Bug 2059468

Summary: Unable to connect external Grafana with Openshift Monitoring
Product: OpenShift Container Platform Reporter: Arunprasad Rajkumar <arajkuma>
Component: MonitoringAssignee: Arunprasad Rajkumar <arajkuma>
Status: CLOSED ERRATA QA Contact: Junqi Zhao <juzhao>
Severity: medium Docs Contact:
Priority: medium    
Version: 4.10CC: amuller, anpicker, aos-bugs, erooth
Target Milestone: ---   
Target Release: 4.10.0   
Hardware: Unspecified   
OS: Unspecified   
Whiteboard:
Fixed In Version: Doc Type: If docs needed, set a value
Doc Text:
Story Points: ---
Clone Of:
: 2059470 (view as bug list) Environment:
Last Closed: 2022-03-16 11:12:06 UTC Type: Bug
Regression: --- Mount Type: ---
Documentation: --- CRM:
Verified Versions: Category: ---
oVirt Team: --- RHEL 7.3 requirements from Atomic Host:
Cloudforms Team: --- Target Upstream Version:
Embargoed:
Bug Depends On:    
Bug Blocks: 2059470    

Description Arunprasad Rajkumar 2022-03-01 06:14:48 UTC
Description of problem:

We use the User Workload Monitoring feature to collect metrics from applications running in our namespaces. We are trying to create a custom Grafana deployments that show metrics within the same namespace.
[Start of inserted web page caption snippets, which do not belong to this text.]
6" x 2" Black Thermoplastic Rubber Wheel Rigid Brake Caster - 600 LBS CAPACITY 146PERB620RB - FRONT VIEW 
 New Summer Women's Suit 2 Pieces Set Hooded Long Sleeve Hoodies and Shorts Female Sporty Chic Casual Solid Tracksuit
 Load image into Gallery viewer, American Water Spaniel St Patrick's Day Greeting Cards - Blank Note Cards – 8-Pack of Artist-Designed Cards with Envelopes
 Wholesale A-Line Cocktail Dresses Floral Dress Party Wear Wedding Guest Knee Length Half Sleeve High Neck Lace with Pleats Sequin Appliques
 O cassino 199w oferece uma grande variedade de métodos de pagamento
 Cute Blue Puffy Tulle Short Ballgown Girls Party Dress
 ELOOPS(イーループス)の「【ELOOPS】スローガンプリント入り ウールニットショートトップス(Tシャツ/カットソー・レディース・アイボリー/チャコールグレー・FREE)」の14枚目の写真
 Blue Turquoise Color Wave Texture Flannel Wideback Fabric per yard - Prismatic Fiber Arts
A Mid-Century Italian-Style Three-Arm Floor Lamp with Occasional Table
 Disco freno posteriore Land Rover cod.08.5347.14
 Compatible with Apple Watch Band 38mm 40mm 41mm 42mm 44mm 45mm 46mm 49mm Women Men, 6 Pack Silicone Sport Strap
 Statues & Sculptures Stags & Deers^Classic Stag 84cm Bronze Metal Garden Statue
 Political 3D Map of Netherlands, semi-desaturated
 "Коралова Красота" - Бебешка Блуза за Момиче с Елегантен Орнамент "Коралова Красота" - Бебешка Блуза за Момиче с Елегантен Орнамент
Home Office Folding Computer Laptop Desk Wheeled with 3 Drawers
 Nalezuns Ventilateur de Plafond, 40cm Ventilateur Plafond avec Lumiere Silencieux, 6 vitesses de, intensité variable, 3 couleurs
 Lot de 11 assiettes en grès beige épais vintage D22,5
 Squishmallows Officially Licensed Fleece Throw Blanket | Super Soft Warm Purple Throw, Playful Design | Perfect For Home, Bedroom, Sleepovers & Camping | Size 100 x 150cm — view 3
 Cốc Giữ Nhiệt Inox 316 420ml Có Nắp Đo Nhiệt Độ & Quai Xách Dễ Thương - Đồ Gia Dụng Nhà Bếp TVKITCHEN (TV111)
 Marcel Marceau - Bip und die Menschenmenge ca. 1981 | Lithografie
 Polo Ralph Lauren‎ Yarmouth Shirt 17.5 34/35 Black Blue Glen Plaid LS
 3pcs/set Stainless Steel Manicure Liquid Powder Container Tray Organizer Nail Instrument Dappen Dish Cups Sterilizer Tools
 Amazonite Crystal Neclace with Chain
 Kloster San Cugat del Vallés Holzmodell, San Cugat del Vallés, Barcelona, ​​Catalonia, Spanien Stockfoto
Instead of using the cluster-scoped "9091" Thanos port in the openshift-monitoring namespace that requires a service account with cluster scoped cluster-monitoring role, we'd like to use the "9092" port that limits the returned metrics to one namespace only.

The Grafana dashboards with list variables regularly use "label_values" to lookup values for variables (e.g. namespace, instance...). This uses the `/api/v1/series` Prometheus endpoint, which is currently not supported by the namespace scoped Thanos endpoint (port 9092), Http 404 is returned.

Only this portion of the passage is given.